Changer d'outil tous les six mois, c'est de la procrastination

Janvier, tu démarres un Bullet Journal. Tu achètes le carnet Leuchtturm1917, tu regardes trois vidéos sur les spreads hebdomadaires, tu dessines tes premiers trackers. En mars, le carnet traîne dans un tiroir. Avril, tu migres sur Notion. Tu passes un week-end entier à construire un dashboard avec des bases de données liées, des vues filtrées, des templates. En juin, ton workspace ressemble à un grenier numérique où tu ne retrouves plus rien. Septembre, tu achètes Things sur Mac et iPhone. Minimaliste, propre, rapide. En novembre, tu réalises que ton associé est sur Windows et que rien ne se synchronise.
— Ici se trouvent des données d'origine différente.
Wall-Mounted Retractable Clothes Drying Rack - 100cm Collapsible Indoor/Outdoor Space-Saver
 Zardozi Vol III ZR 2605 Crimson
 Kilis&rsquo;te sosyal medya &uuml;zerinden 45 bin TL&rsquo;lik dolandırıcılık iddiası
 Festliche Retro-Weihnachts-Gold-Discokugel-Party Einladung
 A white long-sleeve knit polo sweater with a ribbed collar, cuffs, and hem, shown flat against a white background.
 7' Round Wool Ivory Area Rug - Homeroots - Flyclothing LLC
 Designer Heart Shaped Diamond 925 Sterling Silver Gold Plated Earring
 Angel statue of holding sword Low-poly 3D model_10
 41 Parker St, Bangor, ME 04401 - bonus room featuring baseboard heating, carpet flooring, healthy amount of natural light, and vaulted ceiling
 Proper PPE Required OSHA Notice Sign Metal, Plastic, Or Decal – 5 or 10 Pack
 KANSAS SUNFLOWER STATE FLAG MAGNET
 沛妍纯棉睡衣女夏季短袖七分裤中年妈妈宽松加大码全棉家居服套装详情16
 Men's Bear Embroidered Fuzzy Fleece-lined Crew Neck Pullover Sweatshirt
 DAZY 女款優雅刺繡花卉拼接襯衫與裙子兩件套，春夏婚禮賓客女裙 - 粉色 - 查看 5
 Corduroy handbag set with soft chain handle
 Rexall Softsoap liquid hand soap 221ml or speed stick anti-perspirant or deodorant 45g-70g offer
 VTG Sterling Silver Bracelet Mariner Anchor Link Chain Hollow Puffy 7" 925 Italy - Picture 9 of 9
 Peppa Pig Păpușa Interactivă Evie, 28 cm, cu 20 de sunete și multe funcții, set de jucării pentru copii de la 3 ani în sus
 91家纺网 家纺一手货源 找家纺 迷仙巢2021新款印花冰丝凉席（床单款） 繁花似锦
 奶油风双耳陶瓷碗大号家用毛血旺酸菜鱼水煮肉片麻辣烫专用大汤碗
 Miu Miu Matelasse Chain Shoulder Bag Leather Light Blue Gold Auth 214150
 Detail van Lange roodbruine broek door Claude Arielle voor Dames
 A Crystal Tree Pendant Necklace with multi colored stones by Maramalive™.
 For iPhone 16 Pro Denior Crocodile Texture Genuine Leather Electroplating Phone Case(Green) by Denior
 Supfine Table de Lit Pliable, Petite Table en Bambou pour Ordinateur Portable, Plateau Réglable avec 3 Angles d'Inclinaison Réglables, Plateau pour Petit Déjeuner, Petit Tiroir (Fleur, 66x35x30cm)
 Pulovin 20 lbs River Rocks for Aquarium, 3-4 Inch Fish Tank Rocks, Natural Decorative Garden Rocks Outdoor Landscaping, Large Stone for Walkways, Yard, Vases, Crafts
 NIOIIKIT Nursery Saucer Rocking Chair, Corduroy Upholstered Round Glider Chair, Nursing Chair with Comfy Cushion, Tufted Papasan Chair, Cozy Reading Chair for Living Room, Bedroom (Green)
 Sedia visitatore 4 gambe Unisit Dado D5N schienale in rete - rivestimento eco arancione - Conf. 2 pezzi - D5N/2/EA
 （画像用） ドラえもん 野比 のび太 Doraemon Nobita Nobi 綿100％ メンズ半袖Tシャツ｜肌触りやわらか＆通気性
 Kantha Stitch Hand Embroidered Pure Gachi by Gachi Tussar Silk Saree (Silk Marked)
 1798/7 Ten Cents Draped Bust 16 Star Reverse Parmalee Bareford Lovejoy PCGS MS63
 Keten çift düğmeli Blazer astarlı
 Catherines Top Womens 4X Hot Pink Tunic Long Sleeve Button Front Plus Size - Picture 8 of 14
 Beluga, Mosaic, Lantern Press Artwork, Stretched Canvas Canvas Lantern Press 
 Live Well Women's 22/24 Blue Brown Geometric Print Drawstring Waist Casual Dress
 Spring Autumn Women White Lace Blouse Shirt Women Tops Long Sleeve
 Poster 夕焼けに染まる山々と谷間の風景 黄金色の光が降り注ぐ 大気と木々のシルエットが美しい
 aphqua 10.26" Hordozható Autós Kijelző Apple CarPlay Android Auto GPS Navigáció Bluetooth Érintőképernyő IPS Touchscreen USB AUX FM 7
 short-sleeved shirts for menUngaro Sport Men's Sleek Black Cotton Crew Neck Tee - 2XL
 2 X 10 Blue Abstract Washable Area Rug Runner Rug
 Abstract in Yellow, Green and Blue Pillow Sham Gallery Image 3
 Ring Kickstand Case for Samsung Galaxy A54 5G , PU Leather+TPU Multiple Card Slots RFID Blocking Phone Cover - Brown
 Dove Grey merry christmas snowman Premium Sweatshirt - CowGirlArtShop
Ce cycle, je le connais parce que je l'ai vécu. Et la question qui mérite d'être posée n'est pas "quel outil choisir" mais "pourquoi est-ce que tu recommences à chaque fois". La migration d'un système à l'autre donne une sensation de progrès. Tu configures, tu organises, tu structures. Ça ressemble à du travail productif. Sauf que configurer un outil de productivité, ce n'est pas être productif. C'est exactement le contraire. C'est le mécanisme de défense le plus élégant contre le vrai travail, celui qui fait avancer ton chiffre d'affaires, celui qui te met face à des décisions inconfortables. Tant que tu ajustes des filtres dans Notion, tu n'appelles pas ce prospect qui t'intimide. Tant que tu dessines un tracker d'habitudes dans ton Bullet Journal, tu ne rédiges pas cette offre commerciale.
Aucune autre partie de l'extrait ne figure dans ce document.